* [Dataset content]:

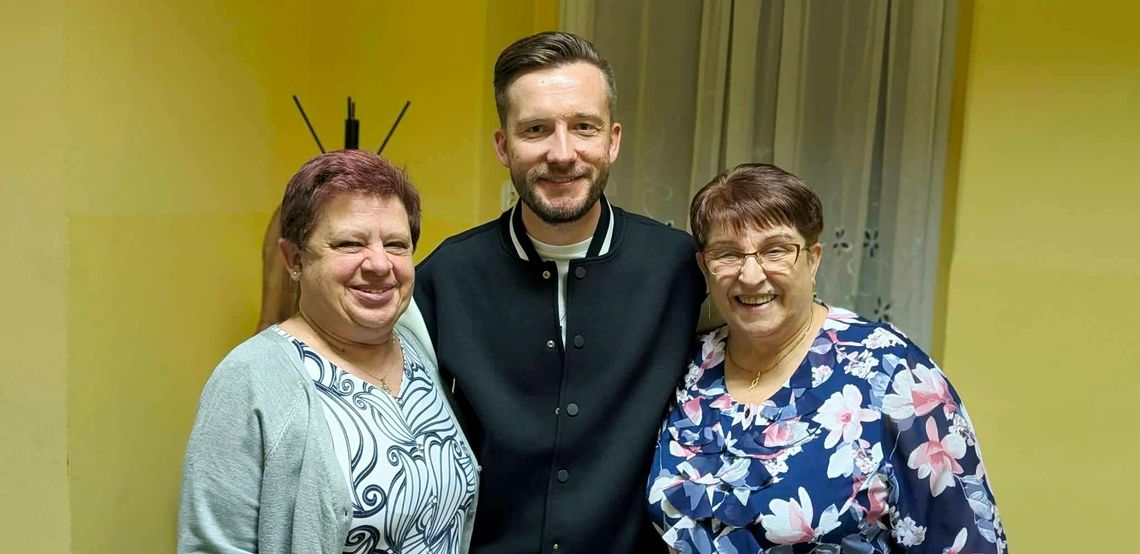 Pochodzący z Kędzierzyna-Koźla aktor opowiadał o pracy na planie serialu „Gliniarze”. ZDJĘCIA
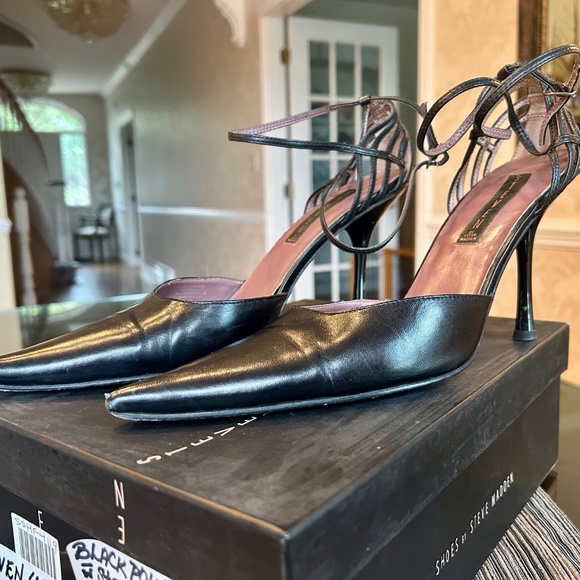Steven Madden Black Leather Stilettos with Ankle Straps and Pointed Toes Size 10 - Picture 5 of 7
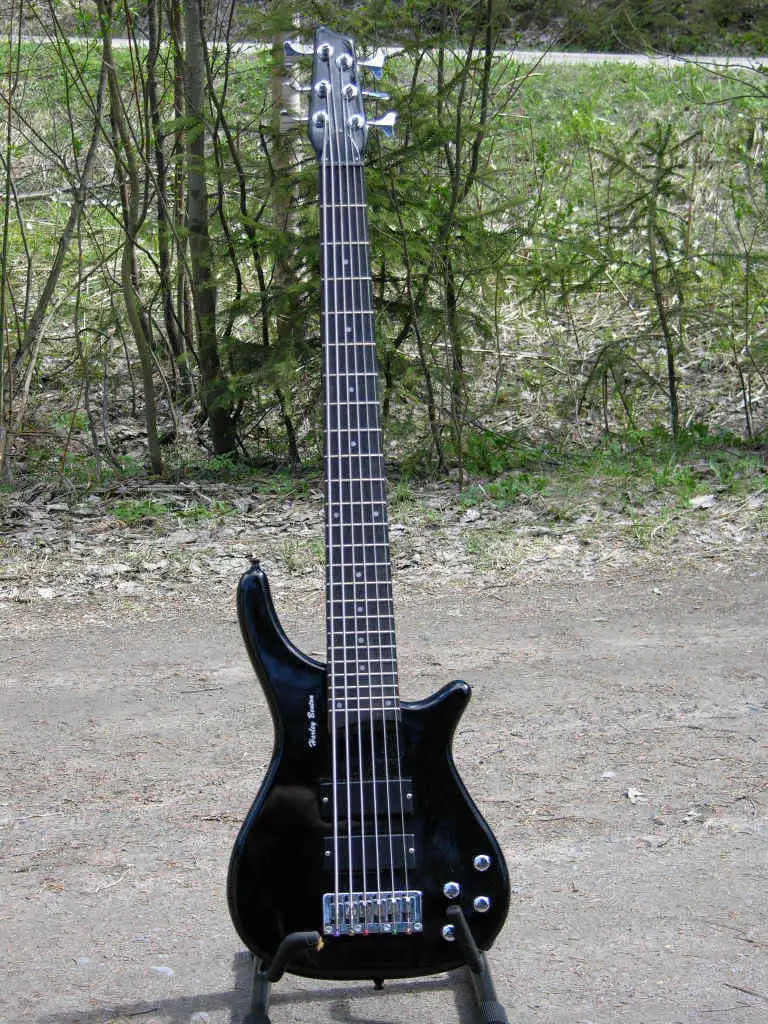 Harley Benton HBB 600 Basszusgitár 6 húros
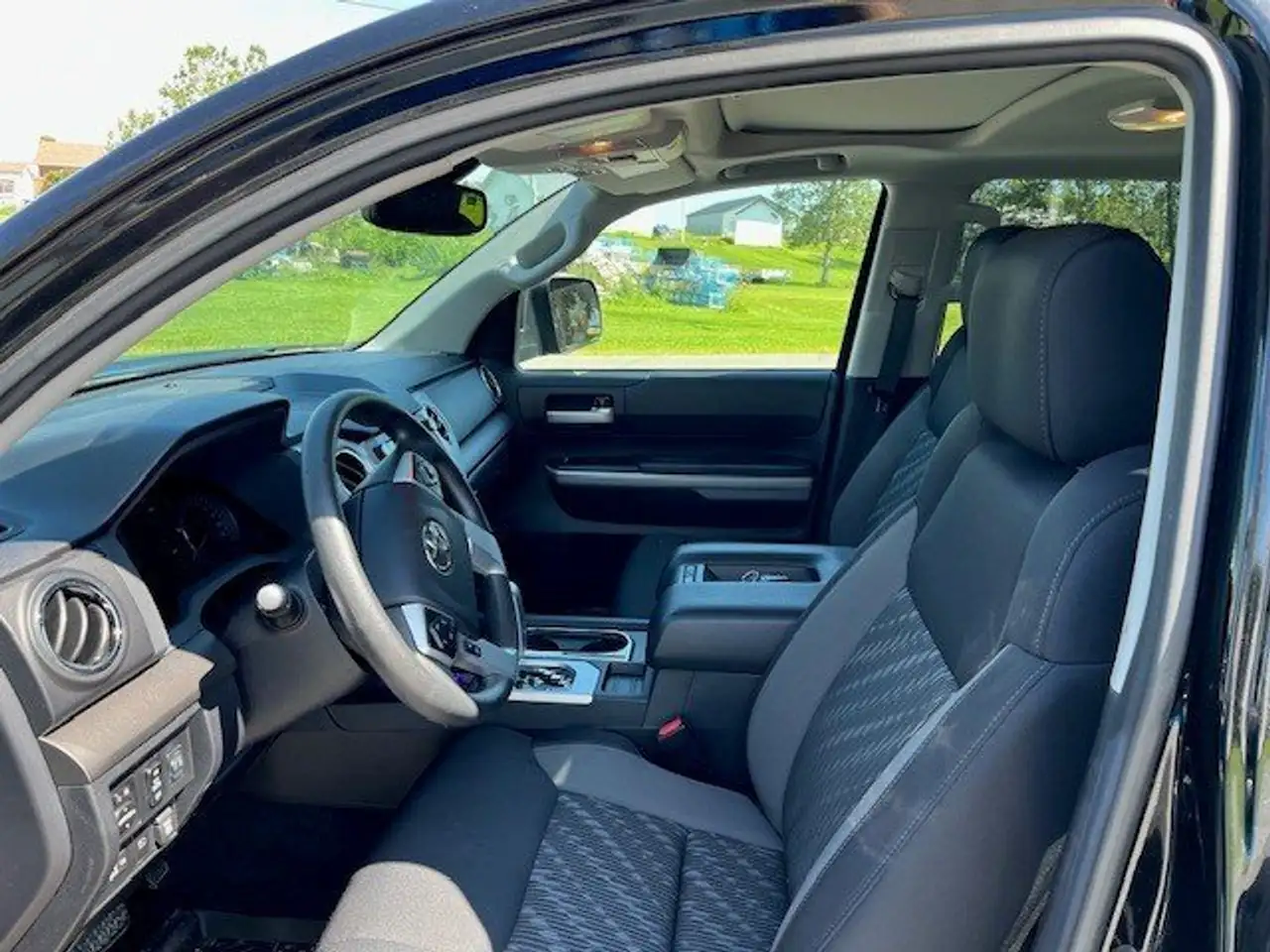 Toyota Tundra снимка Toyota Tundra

* [Your assignment]:
In your copy of the data above, leave out the pictures and repeat everything else exactly.

* [Answer to the problem]:
 Pochodzący z Kędzierzyna-Koźla aktor opowiadał o pracy na planie serialu „Gliniarze”. ZDJĘCIA
Steven Madden Black Leather Stilettos with Ankle Straps and Pointed Toes Size 10 - Picture 5 of 7
 Harley Benton HBB 600 Basszusgitár 6 húros
 Toyota Tundra снимка Toyota Tundra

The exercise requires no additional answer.